Franklin Forest SRO Slonaker is a mother to 700 children
Published 10:00 am Saturday, August 17, 2024
Getting your Trinity Audio player ready...
|
EDITOR’S NOTE: The Daily News is doing a series of features on some of the new and returning School Resource Officers (SRO) to let people get to know them as the new school year kicks off. Our next story features Franklin Forest Elementary School SRO Kiawni Slonaker.
LaGrange Police Officer Kiawni Slonaker is relatively new to the force having served with the department for roughly two years. Being an SRO is an even newer experience for her but she’s ready to go and keep the kids and staff at Franklin Forest safe.
“I’m brand new. So this is the beginning of, I’ll say week two. We had kids at school last week but just for that Friday,” Slonaker said.
Slonaker said unlike many of the SROs serving at Troup County Schools, she did not seek out the position.
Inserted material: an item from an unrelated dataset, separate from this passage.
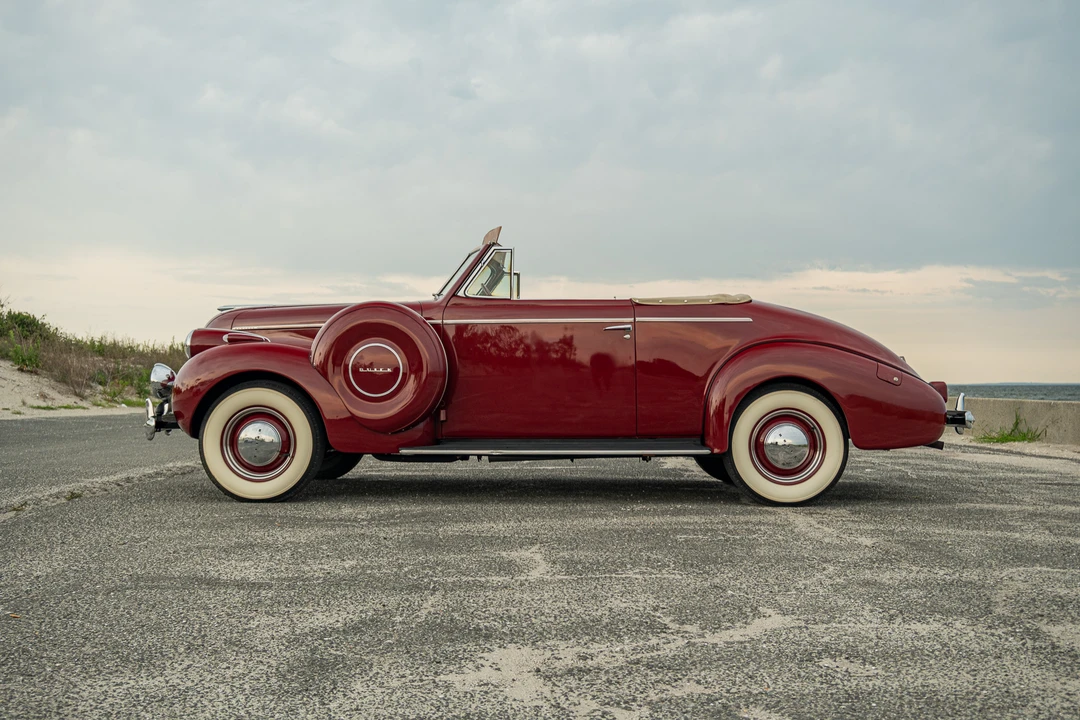 1939 Buick Special - Image 24 of 31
“I’m a little different. I was asked if I wanted to do this,” Slonaker said. “They asked me if this was something I was interested in. I have a little bit of a history with education. I taught private school Pre-K for a little while before I came to the police department where I worked patrol.”
Slonaker also previously worked with children at Twin Cedars Youth and Family Services, a non-profit that provides residential and community-based services for in-need families and children.
“As much as it wasn’t intended, I’ve always found myself in child development roles, so they asked me to come here, and I was willing, a little reluctant, but willing, because this is completely different than patrol, and ironically, I love it,” Slonaker said.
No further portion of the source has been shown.